Ordering terms aggregation


We have a complicated logic of terms aggregation ordering and I am not able to implement using Elasticsearch.

Let's suppose that we have documents with fields (group_id, price, x,...). Our goal is to:
0. run a query that filters the whole documents set;

  1. group documents by group_id;
  2. in each group fetch the document with the highest x value, let's call it a "group's representative";
  3. take that document's price and order all groups by that price (order groups by the price of theirs representatives).

Those "documents" are realty adverts exported or parsed from other sites (we are a legal aggregator) and those "groups" are groups of identical adverts posted on different sites. For each "group" we choose a representative - e.g. the most descriptive advert having photos, different characteristics etc.

Step 0 was mentioned to show that our groups change dynamically and they can have different representatives depending on the query that filters the whole document set. Those queries are any filters that our users can apply to the adverts listing, e.g. room count, appartment area, etc.

We need to show documents on our website grouped by group_id, each group's view is rendered using its current representative's data, groups are sorted by price of theirs current representatives.

I understand that step 1 is done via terms aggregation. Step 2 can be done using top_hits with sorting by x. But I have a problem with the step 3 implementation.

The first idea was to use the results of top_hits for terms ordering, but that is impossible (I know about {"max": {"script": "_score"}} workaround it is mentioned further).

The second idea was to use scripted_metric. I succeeded with calculation of the desired metric representative_price for each bucket, but when it came to ordering terms by it I found it to be impossible.

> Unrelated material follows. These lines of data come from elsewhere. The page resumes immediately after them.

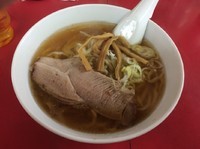 「手打ラーメン」@一品香 駅南店の写真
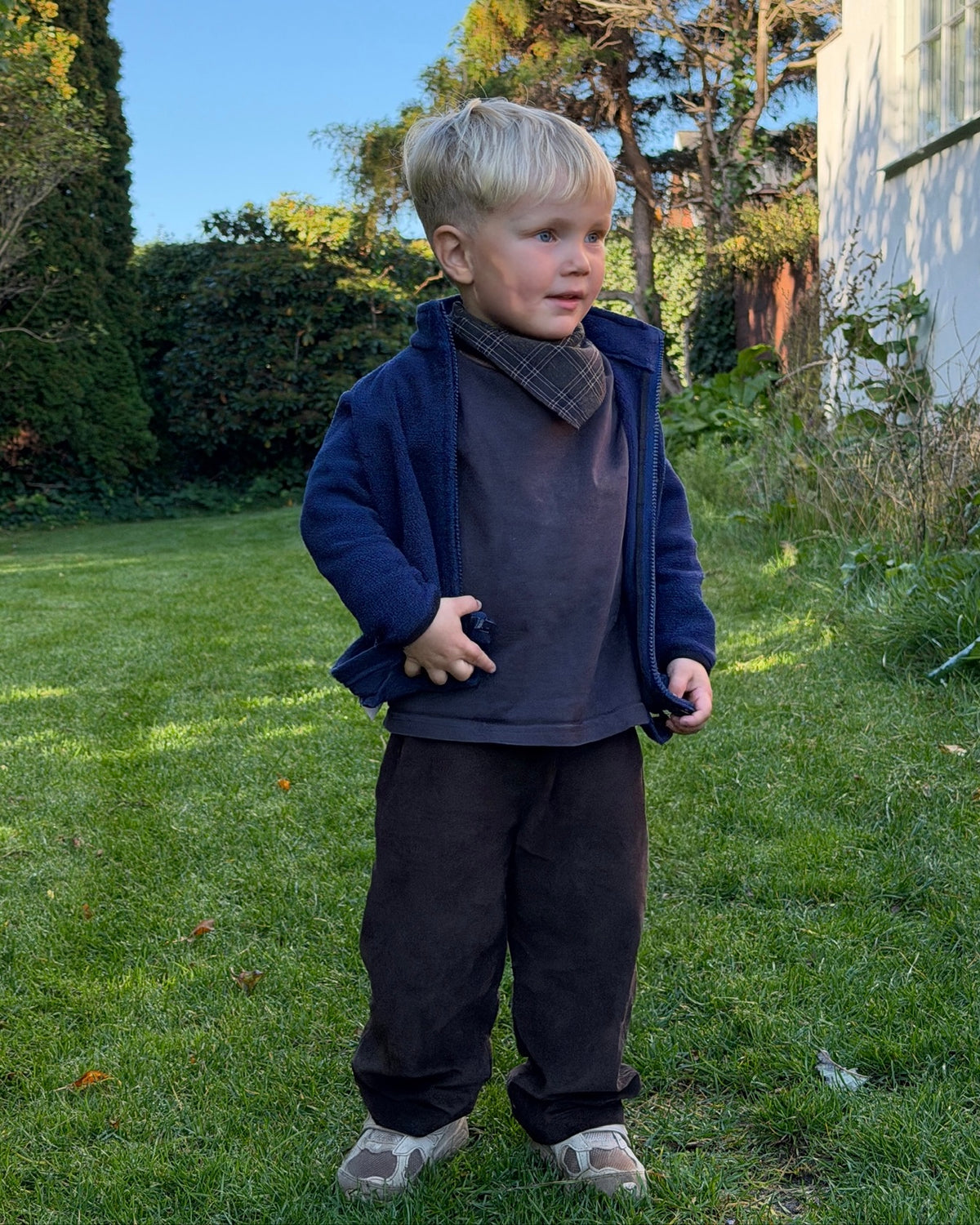 Americano trousers in dark brown needlecord – boy in the garden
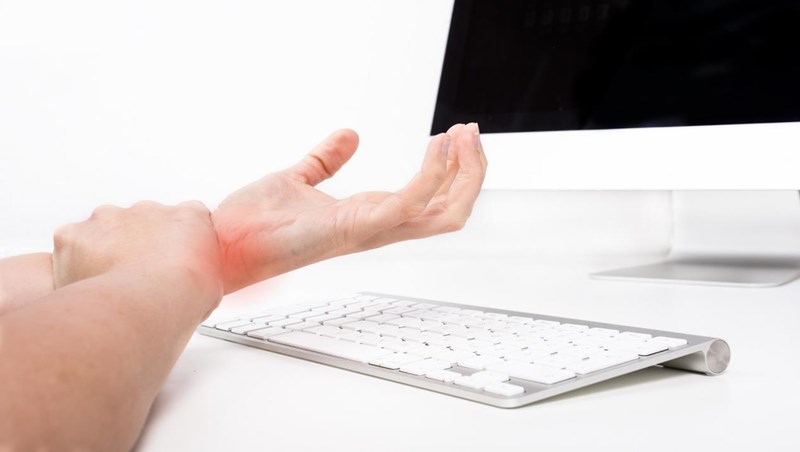 ΠΟΝΟΣ ΧΕΡΙ ΣΥΝΔΡΟΜΟ ΚΑΡΠΙΑΙΟΥ ΣΩΛΗΝΑ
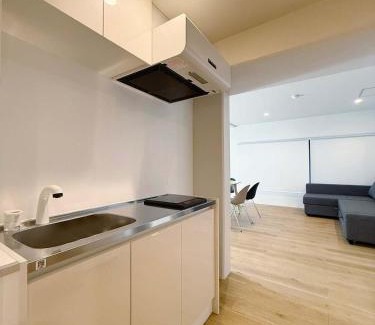 Hiroshima City Centre Apartamento | Celine Kanayama by b hotel - Vibrant 1BR Downtown Shopping & Dining Nearby 11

The third idea was to try hiding that representative's price into a document's _score to use {"max": {"script": "_score"}} workaround. That workaround is proposed anytime somebody asks about ordering terms by top_hits :slight_smile: But while trying to design such scoring function I ended up with a conclusion that such function can not be built using only document's data without knowing bucket's characteristics. As I understand that is impossible to be done using function_score query. I found this research about variables available in the scope of Elasticsearch scripts and gave up with the third idea.

I would be thankful if anybody will propose a workaround for this issue.

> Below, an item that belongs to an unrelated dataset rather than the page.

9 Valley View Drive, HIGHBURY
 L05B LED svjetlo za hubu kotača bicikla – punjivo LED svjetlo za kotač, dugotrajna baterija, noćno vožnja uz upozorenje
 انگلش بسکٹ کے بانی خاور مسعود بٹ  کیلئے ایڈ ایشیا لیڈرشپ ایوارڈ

As it happens with problems like this one, we decided to change sorting logic and group representative selection logic to simply avoid this problem :slight_smile:

Now our terms aggregation will be sorted simply by max or min of appropriate fields, depending on a sort method that user would chose (e.g. price, date, etc.). The top_hits aggregation will choose a representative conformably to that max or min logic (e.g. for sorting terms by min(price_usd) the top_hits will choose the term's representative sorting docs by {"price_usd": "asc"} with "size": 1).